Every so often, teachers hear complaints from parents: "That homework assignment was just busy work." "My child told me you raised your voice with her. Why?" "This book is way too hard for my kid." "My child has no homework at home and isn't challenged at all. Will she be ready for the next grade?"
Luckily, parent-teacher conflict management isn't needed too often. For the most part, relationships between the two parties are smooth and help them accomplish their goal: the best possible education and experience for the child in question. But like any human interaction, communication is complicated and conflict can arise. So what can you do to diffuse a tense situation?
Always Listen to the Parent
Even if you don't agree with what the parent is saying, your first step is always to listen. Let them have their say. Empathy can often resolve a problem. For instance, I once had a student who was struggling with spelling and her mother felt like I wasn't doing enough to help her. I listened as her mom talked about what she felt was missing in the classroom and what she wanted her daughter to be able to achieve. Before offering a solution, I told her I understood her concern and I could see her face relax. Instead of escalating into a conflict, the remainder of the meeting was focused on what we could do together to address the issue.
Lead with a simple acknowledgment that you understand the parental concern. More often than not, this will take care of the conflict itself, and if it doesn't, it will clearly state the problem that the parent perceives. Then you can unite to find a solution. When given the chance to voice their concerns, parents will often have suggestions for how to fix the problem, and they can be an incredible resource.
Get Advice from Other Teachers
Once, I was teaching the youngest of five siblings when their mother complained that my student wasn't getting enough attention. I was perplexed because I worked one-on-one with the student every day. While waiting for a staff meeting to begin, I mentioned the student's mother to a colleague and she immediately said, "Has she accused you of not paying attention to her child yet?" I was shocked! How did she know? "Yeah, she does it to every teacher at the beginning of the year. It's simply her way of saying she wants you to be sure you're doing what you can for her kid. Look at it as attentive parenting, even though it's a little scary. Offer a meeting to talk to her about it and she will be happy."

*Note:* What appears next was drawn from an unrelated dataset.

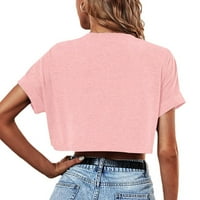 DeLou женски културен пъп джобна горна тениска с късо ръкав в шията на тениска плътно цвят небрежно разхлабена основна тениска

If a problem arises where you feel attacked, anxious, or even blindsided, talk to other staff members. What would they do? Have they dealt with anything like this before? If you're unsure about your ability to resolve a conflict, there's no rule that says you should deal with it alone. Ask another teacher to sit in on a phone call or meeting. A second opinion may be all you need to get a clear picture of what the problem is and how to solve it.
Involve Your Administration When Necessary
You've communicated with the parent. You were as empathetic as possible. You talked to a peer. Nothing's worked. It's time to involve your administration in the parent-teacher conflict management process. Describe the issue, what you've tried, what's worked, and what hasn't worked. They may give you advice or take over the issue so you can focus on teaching.
I'm a firm believer that the more open and honest my relationship with a parent is, the better we can serve their child. So when a parent makes me angry, I remind myself that they're doing their absolute best in the moment, and I try to decipher what it is they really need or want—just like I do with my students. As with all relationships, there can be bumps in the road of parent-teacher conflict management. It's crucial to know how to fix those potholes and move forward, while always keeping in mind what's most important: the students.